A House of Lords committee warned that if no interim deal was agreed then UK firms would face significant tariffs and other barriers to trade.
Speaking on Monday, Chancellor Philip Hammond suggested such a scenario may be “generally helpful” for the UK.
But other ministers have reportedly expressed reservations in private.
The UK is scheduled to begin official negotiations on the terms of its exit from the EU by the end of March, when Prime Minister Theresa May has said she will trigger Article 50.
From that moment, the rules say that Britain will have just two years to agree a deal before its leaves the EU.
But getting an agreement on Britain’s future trade with the EU may take much longer.

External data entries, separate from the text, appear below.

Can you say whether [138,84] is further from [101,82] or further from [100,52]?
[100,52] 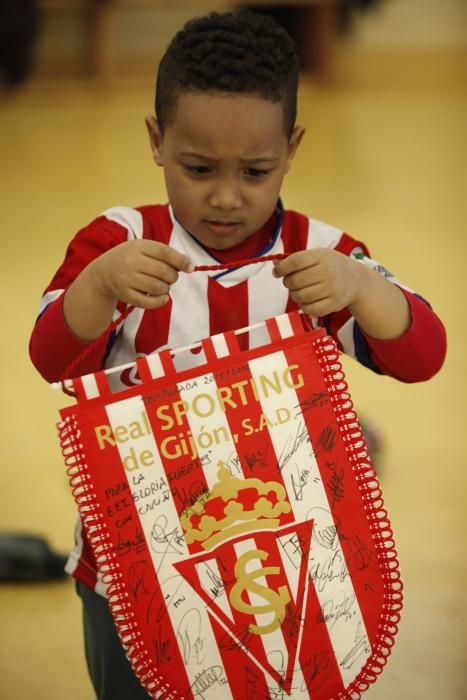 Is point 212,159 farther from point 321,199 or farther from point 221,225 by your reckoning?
point 321,199

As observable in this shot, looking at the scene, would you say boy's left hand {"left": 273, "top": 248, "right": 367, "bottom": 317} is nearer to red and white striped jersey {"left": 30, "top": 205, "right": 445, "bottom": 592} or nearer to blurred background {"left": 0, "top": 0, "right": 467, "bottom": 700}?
red and white striped jersey {"left": 30, "top": 205, "right": 445, "bottom": 592}

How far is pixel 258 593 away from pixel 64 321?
333 mm

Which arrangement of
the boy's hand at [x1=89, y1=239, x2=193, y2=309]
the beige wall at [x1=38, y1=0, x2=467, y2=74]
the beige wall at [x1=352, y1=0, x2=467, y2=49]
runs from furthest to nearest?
the beige wall at [x1=352, y1=0, x2=467, y2=49] < the beige wall at [x1=38, y1=0, x2=467, y2=74] < the boy's hand at [x1=89, y1=239, x2=193, y2=309]

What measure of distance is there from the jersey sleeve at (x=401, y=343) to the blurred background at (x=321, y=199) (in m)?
0.62

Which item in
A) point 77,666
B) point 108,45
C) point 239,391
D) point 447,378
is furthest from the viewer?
point 108,45

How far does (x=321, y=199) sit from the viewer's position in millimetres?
3434

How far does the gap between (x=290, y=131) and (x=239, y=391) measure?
0.30 m

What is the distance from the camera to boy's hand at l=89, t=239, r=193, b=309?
0.94 metres

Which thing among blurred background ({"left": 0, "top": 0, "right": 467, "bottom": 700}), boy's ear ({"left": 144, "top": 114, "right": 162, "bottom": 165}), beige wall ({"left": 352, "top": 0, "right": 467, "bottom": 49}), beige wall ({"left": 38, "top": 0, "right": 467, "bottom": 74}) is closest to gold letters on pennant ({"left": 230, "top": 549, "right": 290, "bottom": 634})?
boy's ear ({"left": 144, "top": 114, "right": 162, "bottom": 165})

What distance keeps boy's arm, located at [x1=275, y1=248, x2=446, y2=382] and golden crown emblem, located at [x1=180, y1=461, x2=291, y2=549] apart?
0.59 ft

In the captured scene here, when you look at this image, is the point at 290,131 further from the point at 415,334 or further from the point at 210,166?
the point at 415,334

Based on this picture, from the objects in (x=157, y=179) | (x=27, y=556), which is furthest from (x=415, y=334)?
(x=157, y=179)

Ministers have hinted they could agree some kind of transitional process to avoid a shock to the economy, with Mr Hammond telling MPs on Monday that this could go some way to ensuring a “smoother transition” .

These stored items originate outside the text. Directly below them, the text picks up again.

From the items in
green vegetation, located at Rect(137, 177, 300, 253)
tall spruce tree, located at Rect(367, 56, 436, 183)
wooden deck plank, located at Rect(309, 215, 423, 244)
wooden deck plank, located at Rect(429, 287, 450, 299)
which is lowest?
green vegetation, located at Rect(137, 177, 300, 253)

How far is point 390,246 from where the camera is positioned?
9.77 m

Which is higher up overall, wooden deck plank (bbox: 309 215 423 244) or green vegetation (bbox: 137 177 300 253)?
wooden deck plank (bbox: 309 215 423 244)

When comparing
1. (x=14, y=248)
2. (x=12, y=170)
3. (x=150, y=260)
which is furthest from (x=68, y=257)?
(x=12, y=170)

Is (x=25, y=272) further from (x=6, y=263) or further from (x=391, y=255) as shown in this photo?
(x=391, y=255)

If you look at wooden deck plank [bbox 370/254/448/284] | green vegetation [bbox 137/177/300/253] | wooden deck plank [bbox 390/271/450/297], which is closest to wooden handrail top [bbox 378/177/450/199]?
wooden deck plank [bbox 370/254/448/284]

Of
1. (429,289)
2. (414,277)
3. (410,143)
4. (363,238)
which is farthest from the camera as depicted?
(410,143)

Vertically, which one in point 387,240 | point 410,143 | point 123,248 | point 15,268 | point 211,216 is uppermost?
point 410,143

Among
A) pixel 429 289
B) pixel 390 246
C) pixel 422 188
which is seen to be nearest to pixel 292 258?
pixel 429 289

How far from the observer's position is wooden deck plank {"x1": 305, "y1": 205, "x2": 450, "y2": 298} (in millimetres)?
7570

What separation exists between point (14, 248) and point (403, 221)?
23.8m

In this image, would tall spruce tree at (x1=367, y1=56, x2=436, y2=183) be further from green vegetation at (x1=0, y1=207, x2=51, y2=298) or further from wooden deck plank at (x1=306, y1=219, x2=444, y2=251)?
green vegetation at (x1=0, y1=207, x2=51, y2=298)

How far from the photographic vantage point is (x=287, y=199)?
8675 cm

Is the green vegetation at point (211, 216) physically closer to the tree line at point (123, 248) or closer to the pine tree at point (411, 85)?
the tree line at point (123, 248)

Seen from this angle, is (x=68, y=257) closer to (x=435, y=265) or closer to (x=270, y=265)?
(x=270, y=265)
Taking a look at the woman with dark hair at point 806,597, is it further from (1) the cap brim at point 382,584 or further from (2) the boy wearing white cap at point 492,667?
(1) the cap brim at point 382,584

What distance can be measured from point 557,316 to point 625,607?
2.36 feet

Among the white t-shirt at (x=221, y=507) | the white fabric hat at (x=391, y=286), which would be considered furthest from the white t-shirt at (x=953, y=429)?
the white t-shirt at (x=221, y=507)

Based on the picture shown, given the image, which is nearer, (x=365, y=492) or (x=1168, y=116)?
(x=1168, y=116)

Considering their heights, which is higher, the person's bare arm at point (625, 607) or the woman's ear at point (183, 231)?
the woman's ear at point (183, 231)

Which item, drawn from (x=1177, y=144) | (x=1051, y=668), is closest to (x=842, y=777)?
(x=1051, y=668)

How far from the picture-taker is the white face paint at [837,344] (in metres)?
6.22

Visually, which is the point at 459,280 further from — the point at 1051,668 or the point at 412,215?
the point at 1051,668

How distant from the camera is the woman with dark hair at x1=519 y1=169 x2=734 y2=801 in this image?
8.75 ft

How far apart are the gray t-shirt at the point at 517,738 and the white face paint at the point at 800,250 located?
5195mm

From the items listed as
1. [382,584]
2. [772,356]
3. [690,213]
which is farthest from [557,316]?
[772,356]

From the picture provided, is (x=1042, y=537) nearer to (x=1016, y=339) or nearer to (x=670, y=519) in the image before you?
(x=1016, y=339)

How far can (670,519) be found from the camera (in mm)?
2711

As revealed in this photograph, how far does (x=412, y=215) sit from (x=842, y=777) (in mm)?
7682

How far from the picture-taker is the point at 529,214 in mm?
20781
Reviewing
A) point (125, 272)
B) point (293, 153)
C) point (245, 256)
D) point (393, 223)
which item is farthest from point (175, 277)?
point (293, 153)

But in a new report on the options for trade after Brexit, the House of Lords EU external affairs committee said the government should set out a clear plan at the start of negotiations, including specific proposals for what form any transitional deal could take.
‘Race to the bottom’
The peers said that staying in the EU customs union – a move opposed by many Conservative MP – could be an important element of such a deal.
And they warned that if there were no transition, the UK would have to rely on World Trade Organization rules for its trading arrangements which would mean British firms facing significant tariffs and other barriers to trade.
The government has committed itself to publishing some form of plan before it notifies the EU of its intention to leave but it is unclear how detailed this will be.
Business has expressed concerns about the impact of a “cliff-edge” departure from the EU, leading to speculation about temporary measures to soften the blow – including paying to retain tariff-free access to the single market.
Speaking on Tuesday, shadow Brexit secretary Keir Starmer will suggest Labour could amend any bill giving the government authority to trigger Article 50 unless there is evidence of a “meaningful” plan behind the UK’s strategy.
He will warn that a so-called “hard Brexit” – where the UK leaves the internal market and customs union – would damage jobs and enterprise.
“Reverting to World Trade Organization rules would entail a range of harmful new barriers to trade and a desperate rush to sign new agreements with third-party states to compensate,” he will say.
In a speech, he will also warn of a “global race to the bottom which would also abandon our shared scientific, educational and cultural endeavours with the EU”.
Instead, he will say the UK must pursue a course enabling it to trade in goods and services while maintaining co-operation with the EU in science, education and culture.